首先准备数据集:
train_data = torchvision.datasets.CIFAR10('./dataset', train=True, transform=torchvision.transforms.ToTensor(), download=True)#训练数据集
test_data = torchvision.datasets.CIFAR10('./dataset', train=False, transform=torchvision.transforms.ToTensor(), download=True)#测试数据集
如果想查看我们的数据集有多少张:
print(len(train_data))
test_data_size = len(test_data)
print('测试集的长度:{}'.format(test_data_size))
接着利用dataloader加载数据:
train_dataloader = DataLoader(train_data, 64)
test_dataloader = DataLoader(test_data, 64)
而后编写网络:
一般把网络结构在新的文件中编写,在其他文件中导入该文件,CIFAR10是一个10分类模型,本例没有添加激活函数:
from torch import nn
class Model(nn.Module):
def __init__(self):
super(Model, self).__init__()
self.model = nn.Sequential(
nn.Conv2d(3, 32, 5, 1, 2),
nn.MaxPool2d(2),
nn.Conv2d(32, 32, 5, padding=2),
nn.MaxPool2d(2),
nn.Conv2d(32, 64, 5, padding=2),
nn.MaxPool2d(2),
nn.Flatten(),
nn.Linear(1024, 64),
nn.Linear(64, 10),
)
def forward(self, x):
x = self.model(x)
return x
若要测试网络的正确性,创建一个和输入大小相同的数据集,看输出是否是想要的:
import torch
if __name__ == '__main__':
model = Model()
input = torch.ones([64, 3, 32, 32])#64的batch_size
print(model(input).shape)
输出为:
torch.Size([64, 10])
创建网络、损失函数、优化器:
#创建网络模型
model = Model()
#创建损失函数
loss_fn = nn.CrossEntropyLoss()
#创建优化器
learning_rate = 1e-2
optimizer = torch.optim.SGD(model.parameters(), lr=learning_rate)
先设置一些训练网路的参数:
#记录训练的次数
total_train_step = 0
#记录测试的次数
total_test_step = 0
#训练的轮数
epoch = 10
然后开始训练:
#训练步骤开始
for data in train_dataloader:
imgs, targets = data
outputs = model(imgs)
loss = loss_fn(outputs, targets)
#优化器优化模型
optimizer.zero_grad()
loss.backward()
optimizer.step()
total_train_step = total_train_step+1
if total_train_step%100 == 0:
print('训练次数:{},Loss:{}'.format(total_train_step, loss.item()))
每次训练完一轮之后,在测试数据集上运行,根据测试数据集的结果(整体的一个loss)来判断模型是否训练完毕:
#测试步骤开始:
total_test_loss = 0
with torch.no_grad():#测试过程中,不需要对其进行调优
for data in test_dataloader:
imgs, targets = data
outputs = model(imgs)
loss = loss_fn(outputs, targets)
total_test_loss = total_test_loss+loss
print('整体测试集上的Loss:{}'.format(total_test_loss))
使用Tensorboard查看:
from torch.utils.tensorboard import SummaryWriter
writer = SummaryWriter('./logs')
...
if total_train_step%100 == 0:
print('训练次数:{},Loss:{}'.format(total_train_step, loss.item()))
writer.add_scalar('train_loss', loss, total_train_step)
...
print('整体测试集上的Loss:{}'.format(total_test_loss))
writer.add_scalar('test_loss', total_test_loss, total_test_step)
total_test_step += 1
...
在terminal中输入tensorboard --logdir=logs打开Tensorboard:
保存每一轮训练的网络:
for i in range(epoch):
...
torch.save(model, 'model_{}'.format(i))
print('模型以保存')
优化:
在分类问题中,可以使用正确率来表示网络的好坏,本网络一个图片输入,输出10个数代表10个类别的概率,概率最大所对应的target若和图片原本target相同,则正确,否则错误。

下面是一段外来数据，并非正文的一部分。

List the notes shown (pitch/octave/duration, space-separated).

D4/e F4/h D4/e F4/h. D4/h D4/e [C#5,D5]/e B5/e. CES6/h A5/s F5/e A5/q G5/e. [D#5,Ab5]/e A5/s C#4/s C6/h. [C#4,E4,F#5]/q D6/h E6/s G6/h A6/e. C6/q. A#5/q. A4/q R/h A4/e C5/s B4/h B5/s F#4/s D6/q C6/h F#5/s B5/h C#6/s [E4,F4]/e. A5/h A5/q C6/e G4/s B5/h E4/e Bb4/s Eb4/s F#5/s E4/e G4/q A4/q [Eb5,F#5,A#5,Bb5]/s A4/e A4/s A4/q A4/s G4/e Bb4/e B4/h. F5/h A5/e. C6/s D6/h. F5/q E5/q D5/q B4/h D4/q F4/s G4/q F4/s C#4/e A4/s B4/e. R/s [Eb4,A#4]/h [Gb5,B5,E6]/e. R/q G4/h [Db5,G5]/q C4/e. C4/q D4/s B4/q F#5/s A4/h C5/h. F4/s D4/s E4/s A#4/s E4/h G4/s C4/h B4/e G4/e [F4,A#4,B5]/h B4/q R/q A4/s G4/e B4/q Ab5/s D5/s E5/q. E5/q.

使用argmax方法可以得到这10个数的最大值所对应的位置。
输入target为3,2,预测target为4,2
运行 输入target == 预测target
得false,true
将结果相加(false=0,true=1)得1,就是有一个是正确的
argmax()参数为0,则列比较,为1,则行比较。
total_accuracy = 0
with torch.no_grad():
for data in test_dataloader:
imgs, targets = data
imgs = imgs.to(device)
targets = targets.to(device)
outputs = model(imgs)
loss = loss_fn(outputs, targets)
total_test_loss = total_test_loss+loss
accuracy = (outputs.argmax(1) == targets).sum()

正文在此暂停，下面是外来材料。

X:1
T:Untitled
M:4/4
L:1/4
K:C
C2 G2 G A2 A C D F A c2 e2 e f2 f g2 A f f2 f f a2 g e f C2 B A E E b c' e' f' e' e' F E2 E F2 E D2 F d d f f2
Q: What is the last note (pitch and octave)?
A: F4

total_accuracy += accuracy
print('整体数据集上的正确率:{}'.format(total_accuracy/len(test_data)))
writer.add_scalar('total_accuracy', total_accuracy/len(test_data), total_test_step)
其他:
在训练开始时,可以将网络设置为训练模式,同理测试模式:
#训练步骤开始
model.train()
#测试步骤开始:
model.eval()
查看官方文档可知,只对一些网络层有作用。
完整代码
import torch
import torchvision
from torch import nn
from torch.utils.data import DataLoader
from torch.utils.tensorboard import SummaryWriter
from CIFAR_10 import Model
device = torch.device('cuda' if torch.cuda.is_available() else 'cpu')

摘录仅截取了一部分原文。